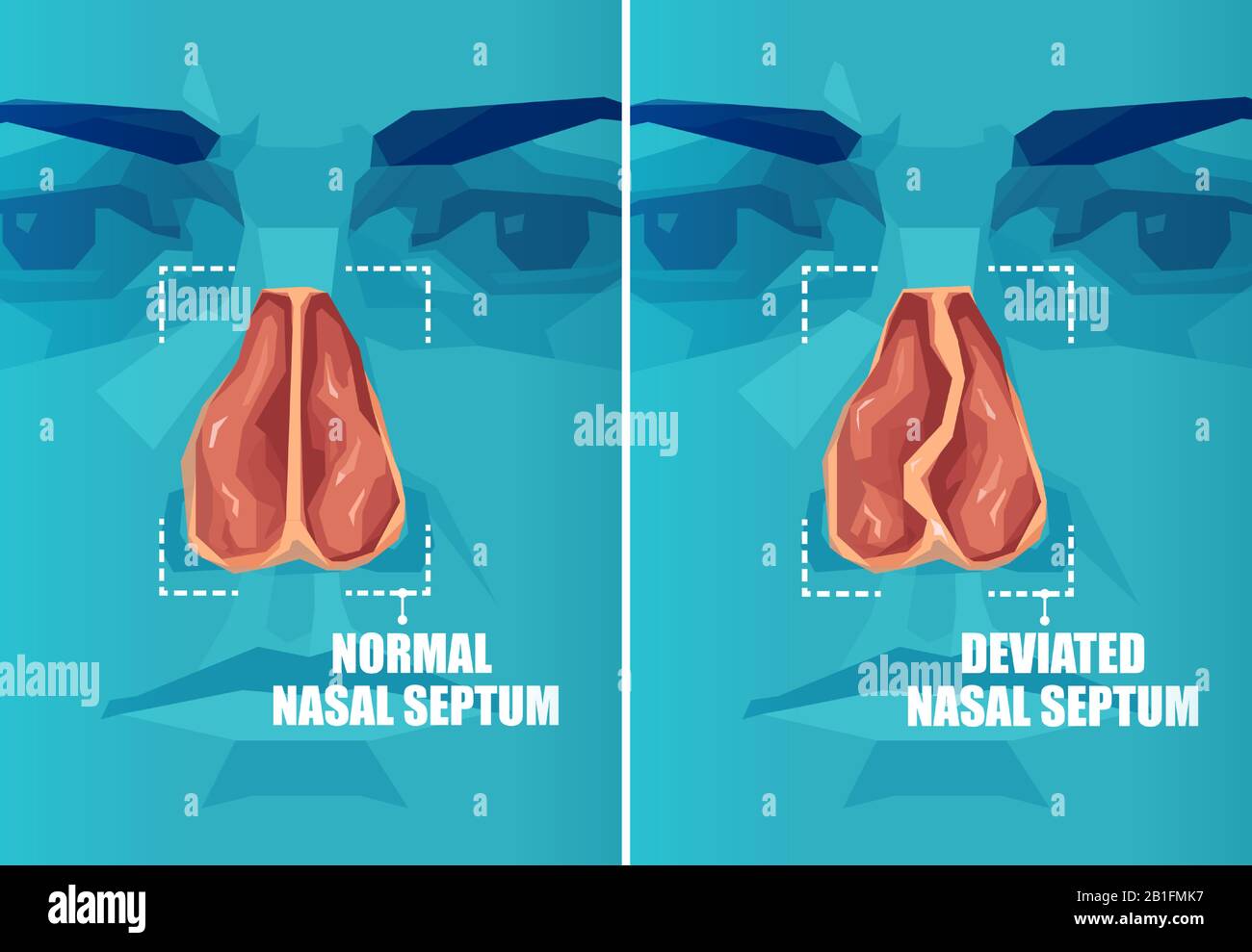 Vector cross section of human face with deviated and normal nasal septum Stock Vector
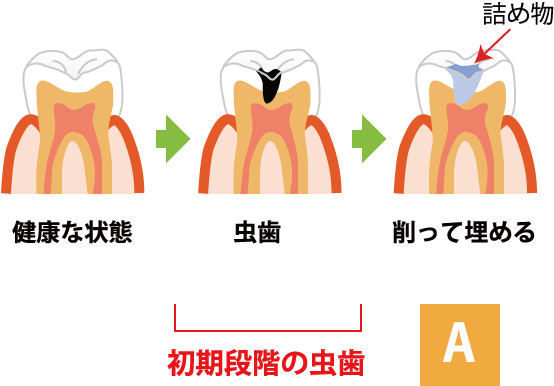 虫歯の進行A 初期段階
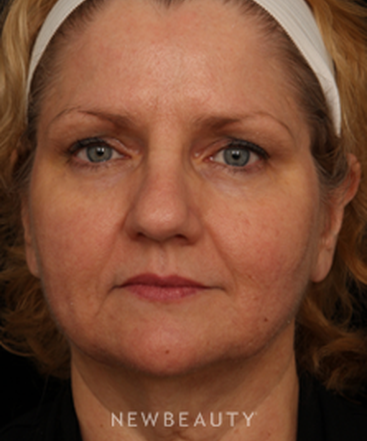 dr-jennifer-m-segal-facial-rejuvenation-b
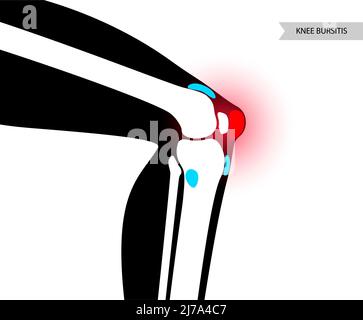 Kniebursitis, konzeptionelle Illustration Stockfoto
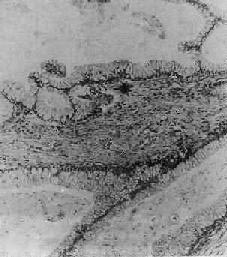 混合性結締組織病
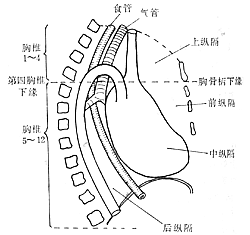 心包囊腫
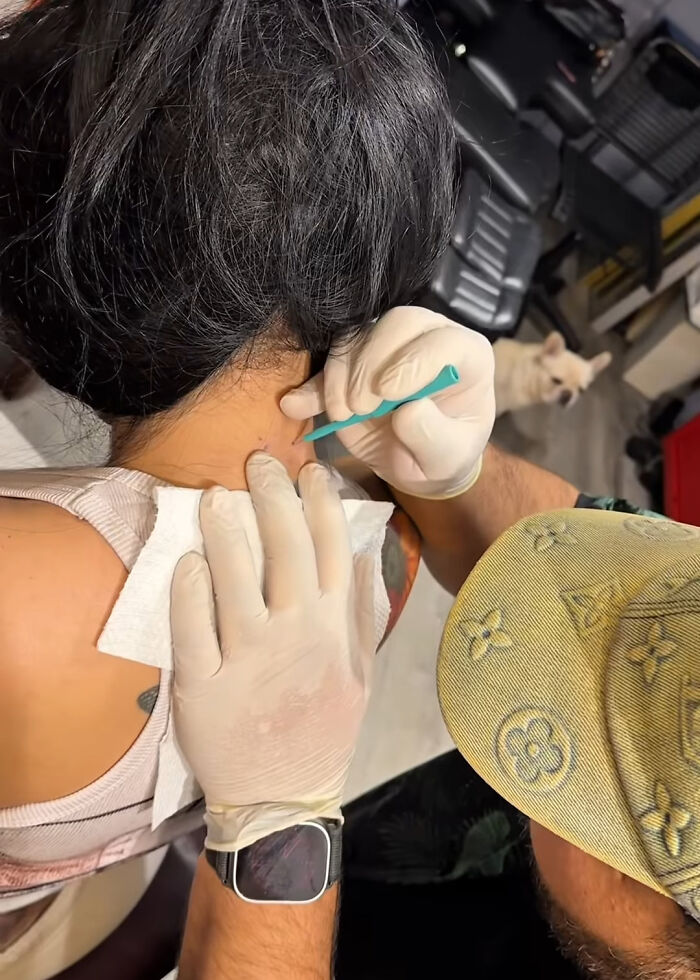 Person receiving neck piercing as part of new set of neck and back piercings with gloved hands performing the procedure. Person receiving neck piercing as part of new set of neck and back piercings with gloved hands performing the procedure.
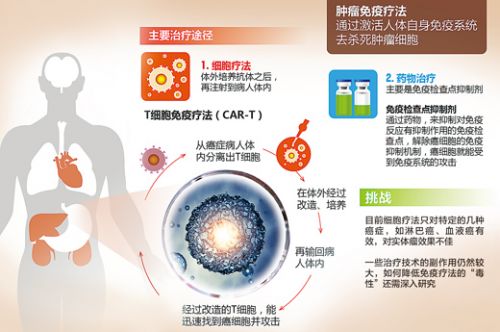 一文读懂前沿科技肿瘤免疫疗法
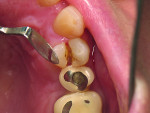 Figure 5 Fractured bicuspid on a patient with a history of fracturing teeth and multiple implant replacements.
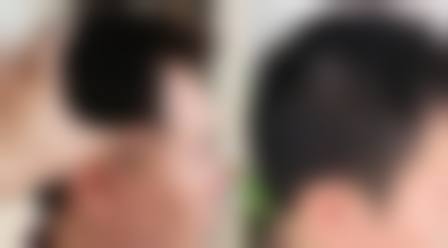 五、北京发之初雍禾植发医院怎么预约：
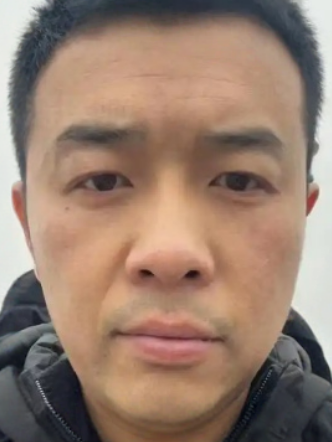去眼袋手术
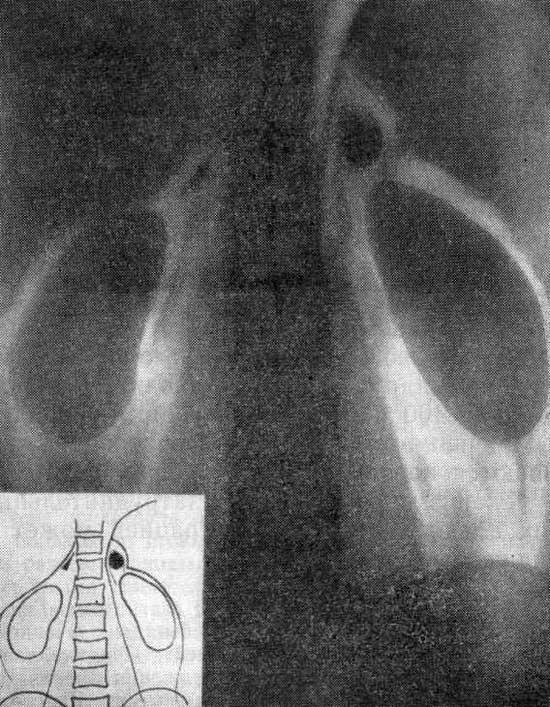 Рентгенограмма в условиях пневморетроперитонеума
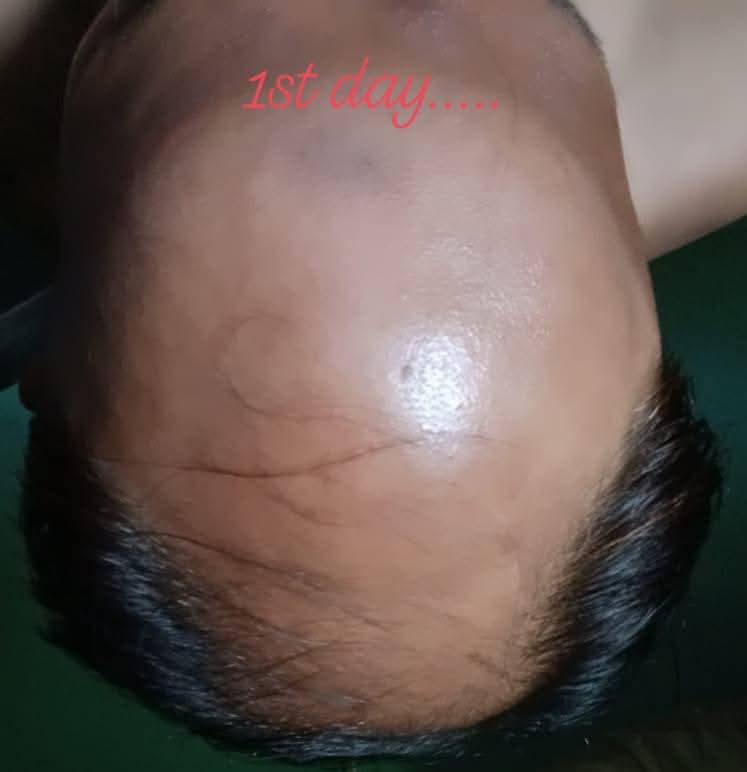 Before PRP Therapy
◆ ◆ ◆
The data is to be returned exactly as it stands, pictures aside.

 Vector cross section of human face with deviated and normal nasal septum Stock Vector
 虫歯の進行A 初期段階
 dr-jennifer-m-segal-facial-rejuvenation-b
 Kniebursitis, konzeptionelle Illustration Stockfoto
 混合性結締組織病
 心包囊腫
 Person receiving neck piercing as part of new set of neck and back piercings with gloved hands performing the procedure. Person receiving neck piercing as part of new set of neck and back piercings with gloved hands performing the procedure.
 一文读懂前沿科技肿瘤免疫疗法
 Figure 5 Fractured bicuspid on a patient with a history of fracturing teeth and multiple implant replacements.
 五、北京发之初雍禾植发医院怎么预约：
去眼袋手术
 Рентгенограмма в условиях пневморетроперитонеума
 Before PRP Therapy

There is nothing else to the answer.